Wakil Ketua Komisi IX DPR RI Charles Honoris mengatakan, selain memindahkan sumber pembiayaan MBG dari pos anggaran pendidikan, pemerintah juga perlu menata kembali sasaran penerima manfaat agar penggunaan anggaran negara menjadi lebih efisien.
Selama ini anggaran Program MBG yang dimasukkan ke dalam klaster anggaran pendidikan bertentangan dengan amanat konstitusi,
kata Charles kepada wartawan di Jakarta, Jumat (31/7).

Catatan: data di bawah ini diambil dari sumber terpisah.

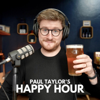 Paul Taylor's Happy Hour - Paul Taylor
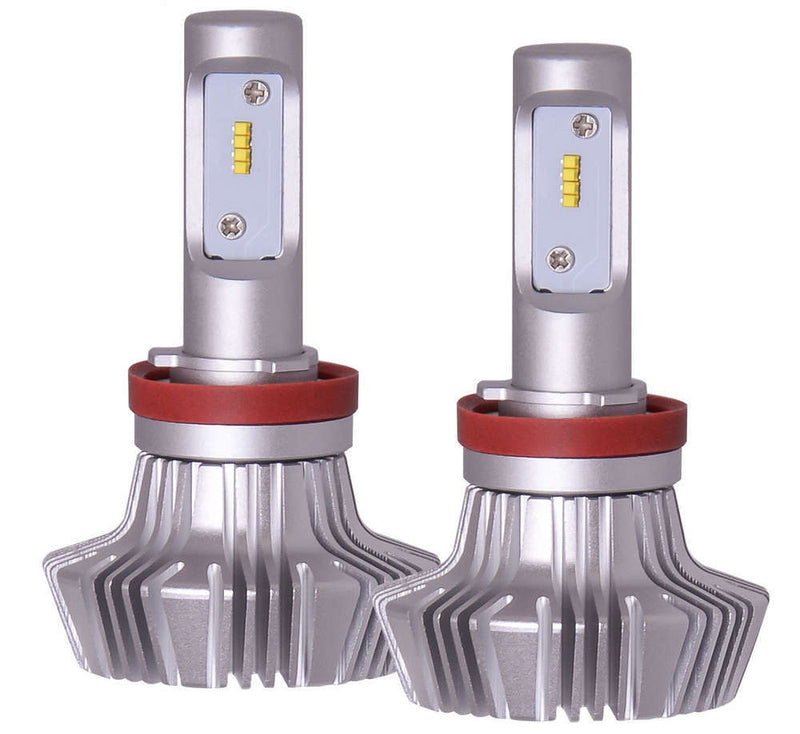 LIGHT BULB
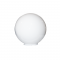 SPHERE Φ40 OPAL WITHOUT FITTER BASE AC.3534CA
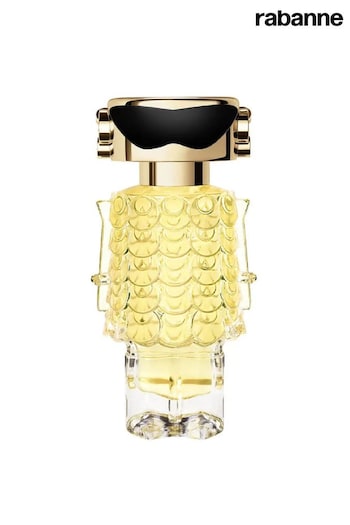 Rabanne FAME Parfum 30ml (K66804) | £71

Ia mengingatkan, meskipun Mahkamah Konstitusi memberikan waktu penyesuaian hingga penyusunan APBN Tahun Anggaran 2028, pemerintah sebaiknya segera melakukan tindak lanjut sebagai bentuk kepatuhan terhadap putusan pengadilan dan amanat konstitusi.
Baca juga:
Program MBG akan lebih efektif apabila difokuskan kepada masyarakat yang benar-benar membutuhkan intervensi gizi, dibandingkan diterapkan secara menyeluruh kepada seluruh anak.
Kelompok yang dinilai perlu menjadi prioritas, lanjutnya, meliputi anak-anak dari keluarga miskin dan rentan, ibu hamil, ibu menyusui, serta balita yang berisiko mengalami gangguan gizi.
Ia mengungkapkan, data Badan Pusat Statistik (BPS) dan sejumlah kajian masyarakat sipil menunjukkan jumlah penerima manfaat yang membutuhkan intervensi gizi sekitar 26 juta orang.
Apabila program difokuskan kepada kelompok tersebut, kebutuhan anggaran MBG diperkirakan hanya sekitar Rp 60 triliun setiap tahun.
Charles meyakini kebijakan yang lebih terarah tidak hanya meningkatkan efektivitas program dalam mengatasi persoalan gizi, tetapi juga menjaga keberlanjutan fiskal negara.
Selain itu, langkah tersebut dinilai dapat memastikan anggaran pendidikan tetap digunakan sesuai amanat konstitusi tanpa terbebani pembiayaan MBG.